Podría pensarse que esta proliferación de noticias vinculadas con el medio ambiente es una circunstancia pasajera; pero existen indicios que sugieren que no es así, y que las preocupaciones derivadas del estado de la naturaleza nos van a acompañar durante un buen tiempo.
Y si eso ocurre, quizás sea prudente que nos empecemos a familiarizar con algunas reglas que, en principio, no se ajustan a los criterios a los que estamos acostumbrados.
La primera es que los procesos naturales son indiferentes frente a nuestras intenciones. Los buenos deseos y, sobre todo, los buenos discursos no pueden modificarlos, y si de verdad queremos reducir las emisiones netas de gases de carbono o contribuir al mantenimiento de las áreas y poblaciones silvestres, tendremos que hacer cambios concretos.
Para algunos, eso pueda significar, cosas tales como separar los residuos, cambiar el auto por un modelo híbrido, elegir los productos en función de la huella de carbono que se genera en su producción o aceptar que su jardín sea atravesado por un sendero para carpinchos. Pero hay otros que se verán forzados a hacer sacrificios mucho más dramáticos que, a veces, implican renunciar a recursos esenciales o a los medios y modos de vida que conocen.
Una segunda regla que deberíamos tener presente es que, al menos en términos prácticos, los procesos naturales no tienen principio ni fin.
La mayor parte de los problemas que identificamos hoy están generados por una secuencia de procesos que se ha iniciado hace mucho tiempo, y las acciones que tomemos o dejemos de tomar tendrán consecuencias que, en muchos casos, no serán fáciles de evaluar en los horizontes temporales a los que estamos acostumbrados.
Se suele decir que una política de Estado debería sostenerse por diez, veinte o treinta años; pero si el objetivo es generar algún efecto ambiental de cierta relevancia, es posible que esos plazos constituyan, apenas, un período de pruebas preliminares.
La tercera, y tal vez la más importante de las reglas, es la incertidumbre. La historia está llena de ejemplos en los que las consecuencias ambientales de nuestros actos han sido completamente distintas de las que se preveían. Y mal que nos pese, y a pesar de todo lo que se supone que hemos aprendido en el curso del tiempo, es probable que eso siga ocurriendo.
Los procesos naturales de cierta escala involucran factores múltiples y complejos, y al menos hasta ahora, los modelos predictivos no han sido particularmente exitosos.
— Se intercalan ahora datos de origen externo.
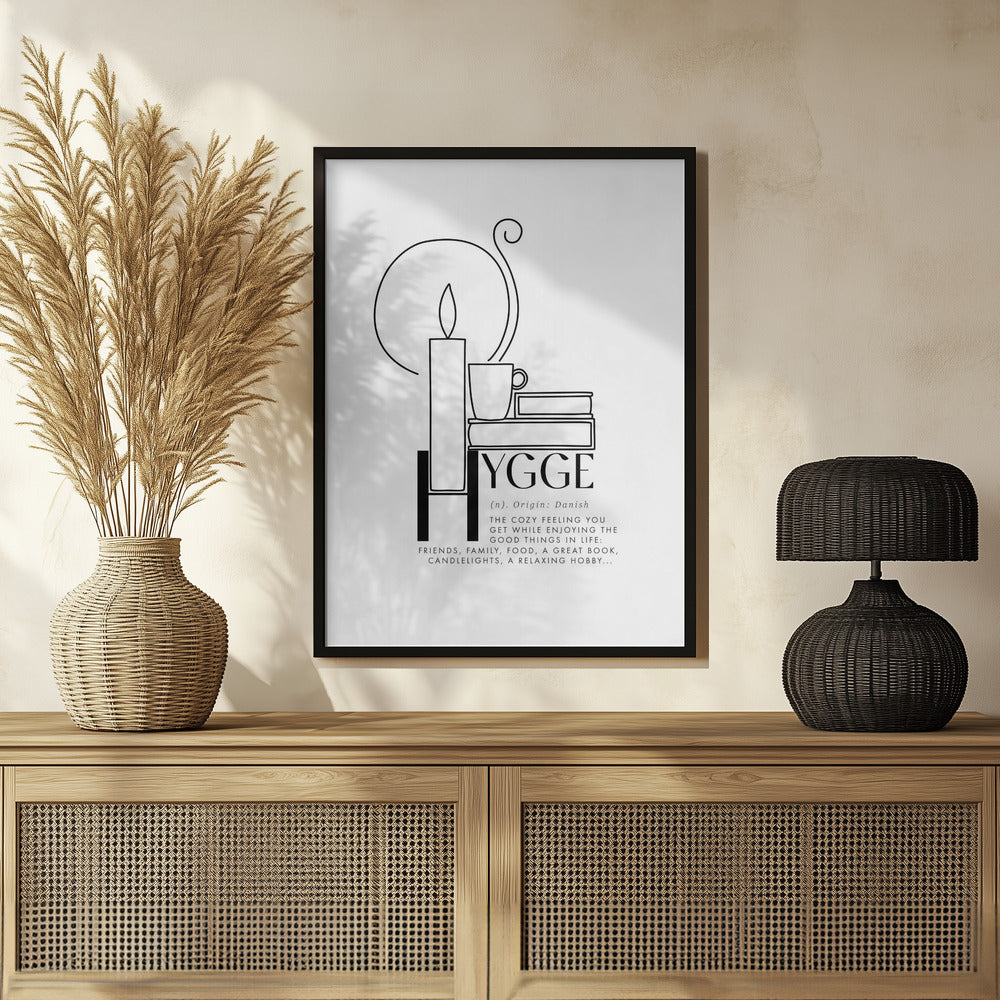 Illustrated hygge definition Poster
Seguramente hay otras reglas más; pero estas tres podrían alcanzar para recordarnos que, cuando se trata de fijar normas para preservar y mejorar el mundo en que vivimos, se debe actuar con mucha humildad.
Porque, cuando se trata de resolver problemas que nos conciernen a todos, lo más probable es que nadie tenga toda la razón; nadie tenga toda la culpa, y nadie pueda asegurar honestamente que sabe cuáles serán las consecuencias de uno u otro camino. Tal vez no sea mucho; pero ya se dijo otras veces, por algún lugar hay que empezar.